Ma mie, nous sommes donc allés chez M. Cottin dimanche, invités pour 5 heures. Nous partîmes à 5 heures moins cinq et nous arrivâmes juste après Mme Duchamp, qui était là pour aider M. Cottin à recevoir. Bientôt tout le monde est arrivé : les Lacroix, les Héloïse [Bonnet], les Jacques Bonnet d’Ambérieu, la jeune Mme Laprade avec sa mère, sa soeur mais sans son mari, les Framinet ; de Champollon, Isidore et Hyacinthe [Gilardin] ; … Valérie [Alby née Framinet] se porte très bien, elle est fraîche, engraissée mais hélas prise par les genoux autant que par le passé.

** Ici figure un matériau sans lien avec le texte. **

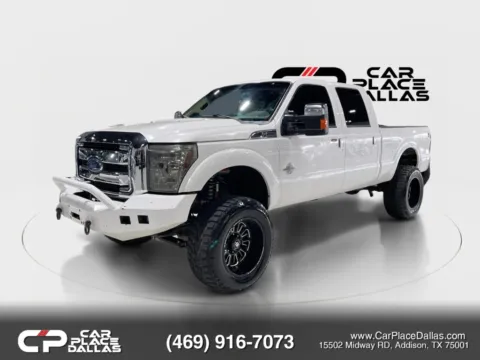 Another view of 2012 Ford F250 Super Duty Crew Cab Lariat KING RANCH,6.7L DIESEL,NAV,MOONROOF,CAM,REMOTE START,TOW MIRRORS,SPRAY-IN BEDLINER for sale in Addison, TX at Car Place Dallas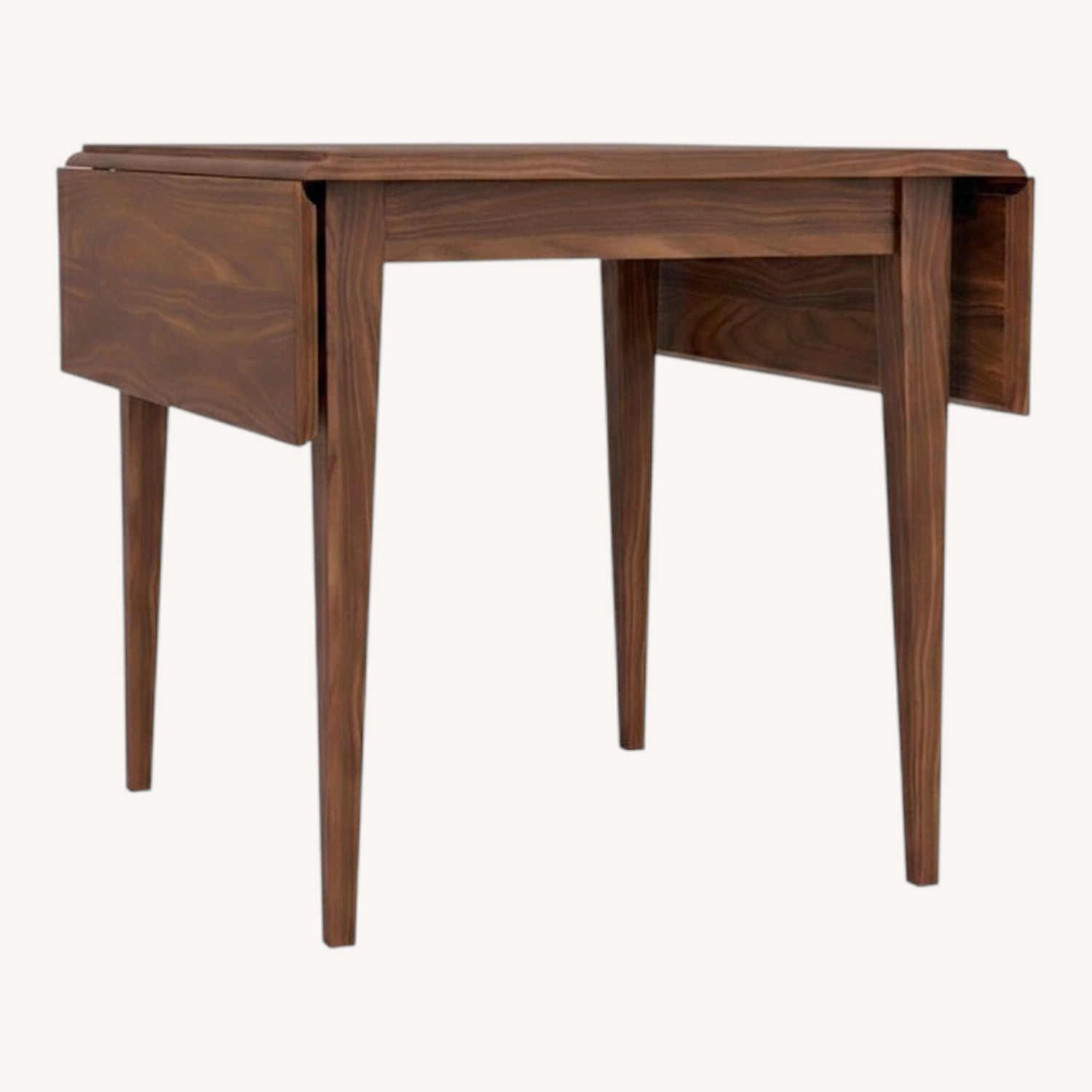 Room & Board Adams Drop Leaf Table (Walnut) - image-0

Toutes ces dames fort entendues dans leur toilette. Mme Adrien Framinet, quoique laide, était fort bien, j’ai un peu causé avec elle, elle est extrêmement agréable. Je sens qu’elle a une sympathie pour toi…. Il y avait encore toutes les dames Payen, qui n’ont paru que tard… Angèle [Richard] avait paru et disparu plusieurs fois, enfin cette famille est arrivée, il était je crois 6 heures 1/2. On a bientôt averti pour le dîner. Mme Jules Bonnet était fort bien, avait tous ses diamants (ce n’est pas le Pérou).
On a traversé ce joli vestibule, cette belle salle à manger où était dressée une table de 20 ou 30 couverts, on a descendu six ou sept marches et l’on s’est trouvé dans la serre toute tapissée par une immense vigne vierge de toutes nuances: rouge, brun, rose, vert clair, vert foncé. Beaucoup de lumières sur une grande table de 42 couverts et ornée de trois grands plateaux de fleurs, une longue truite, un immense jambon, deux énormes pâtés de volaille, et tout le tour des assiettes de bonbons se touchant toutes et six compotiers de superbes poires, pommes, pêches et raisins, et dans le milieu de la table deux hautes pyramides, l’une de choux à la crème, l’autre en croquants d’amandes et quatre gelées aux fruits confits. Le dîner se composait de volailles bouillies, civet, quenelles, filets, petits pois, la truite, les jambons, les pâtés, perdrix rôties, quartier de chevreuil, aspic de volailles, les douceurs et le dessert.
A la fin du dîner, M. Cottin a porté un toast à M. Payen, à Mme Payen, à sa jeune belle-fille. On a applaudi, on a bu. M. Cottin s’est relevé et dit qu’il ne pouvait oublier sa bonne femme et à ce propos a dit des choses si touchantes que je n’ai pu retenir une larme qui est tombée sur ma robe et m’a mangé la couleur, ce qui m’ennuie bien car c’était une belle robe et qui devait me parer jusqu’à la fin de mes jours.
M. Cottin a parlé aussi de M. Bonnet que la suite d’une indisposition avait empêché de venir. Ton père a eu envie de parler. Il y avait beaucoup de choses à dire, mais il a hésité, le moment a passé et l’à-propos aussi. On a passé au salon, on a causé, on a tiré quelques pièces d’artifice. Quelques unes de ces dames sont sorties enveloppées de leur pointes de dentelle. Il faisait un vent enragé. On est rentré, on a prié Valérie de jouer. Elle a joué avec sa belle-soeur un fort beau morceau, elle faisait la basse. Puis elle a joué seule un morceau sur les airs de la pie voleuse. Elle joue admirablement comme Chopin, comme Thalberg, mieux que Mme Guitton. Puis on a dansé. Puis les jeunes Cottin sont rentrés, vêtus de costumes achetés dans les pays où ils se portent : Cyrille en écossais, il était fort beau, le jeune homme et le costume ; Paul en muletier basque, seulement le pantalon, la veste, le bérêt étaient de velours noir, ce que je ne suppose pas à tous les muletiers de ce pays-là. La ceinture rouge, le fouet à manche rouge était porté en sautoir. Il y avait un costume d’arabe et un autre, je ne me rappelle plus. Puis quatre dames ont pris quatre costumes d’Ecosse et d’Espagne. Ils ont dansé comme cela. A 10 heures et 1/2, les Framinet, les Jacques B[onnet] et nous sommes partis. Mme Jules [Bonnet] était un peu malade, le lendemain, elle était dans son lit.